From GreenBiz

It doesn’t take a genius to see that electronics are more widely used than ever before. People have become nearly inseparable from their smartphones, tablets and laptops. And they eagerly await the release of newer devices promising faster processing, better screen resolution, more apps, more functionality, more everything.

The magnitude of the market for digital devices is staggering. It’s estimated that by 2020, 5.5 billion people will own a mobile phone and over 50 billion devices will be connected to the internet. To put it in perspective, by that same time, it’s estimated that only 3.5 billion people will have running water.

But the electronics industry is also evolving — and it has to in order to stay competitive.

In the late 1990s, the main goal was simply to create electronics that worked. Then, concerns about emissions prompted IT manufacturers to implement health and safety protocols. Environmental concerns emerged at the dawn of the new millennium, ushering in the green manufacturing era.

Most recently, social responsibility has become an issue as reports of labor abuses and unethical manufacturing practices have come to light. With growing consumer awareness of all of these issues, finding a path to sustainability is becoming increasingly important.

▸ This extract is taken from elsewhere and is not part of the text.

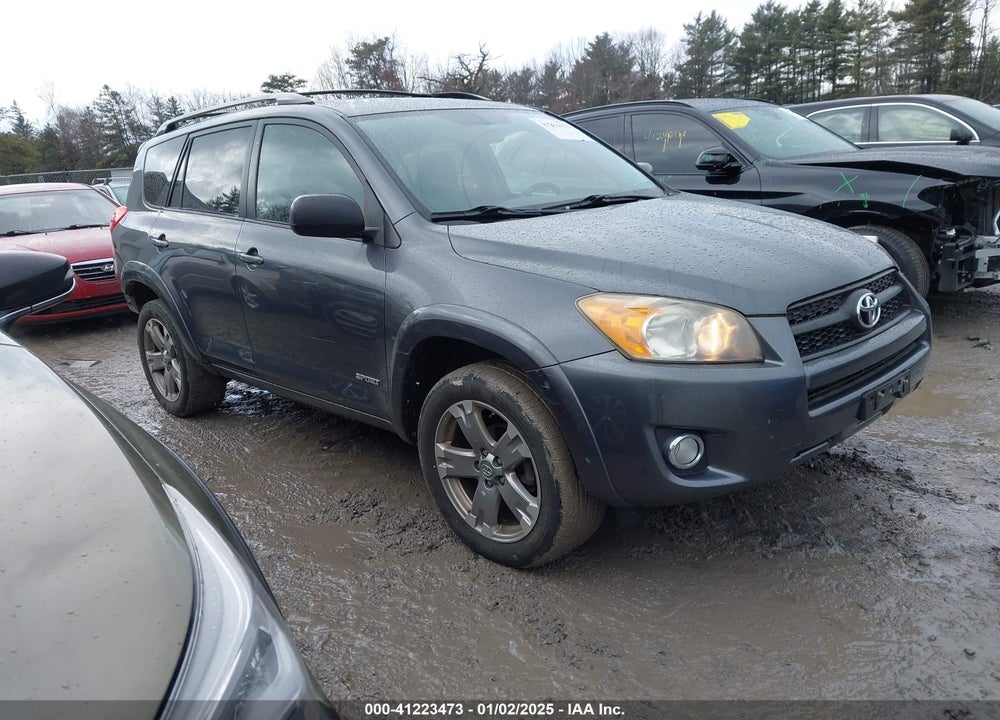 2009 TOYOTA RAV4 SPORT VIN: JTMBF32VX9D017427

Beyond “doing the right thing,” there is a powerful business case for sustainability, including:

1. Competitive advantage

In fact, consumers are increasingly demanding more consideration of environmental impacts. Eighty-six percent of global consumers believe that businesses need to place at least equal weight on society’s interests as on business’ interests.

2. Attracting and retaining top talent

According to a Nielsen survey, 67 percent of employees prefer to work for a socially responsible company. The book “The 2020 Workplace” states that by 2020, millennials will be 50 percent of the workforce and 80 percent of those surveyed wanted to work for a company that cares about how it affects and contributes to society.

3. Reign in risk

Consider the financial impact on brand value from bad supplier practices (child labor) and the cost of supply chain disruptions (noncompliance with environmental or workplace regulations). The ROI for implementing sustainable and socially responsible supply manufacturing practices can be 85:1 (PDF).

4. Cut costs

Consider this one facet of sustainable electronics: in a recent TCO Development report on plastics in IT products we found that using recycled plastic could lead to up to 80 percent lower energy consumption in manufacturing when compared to virgin plastics and it also required less raw material.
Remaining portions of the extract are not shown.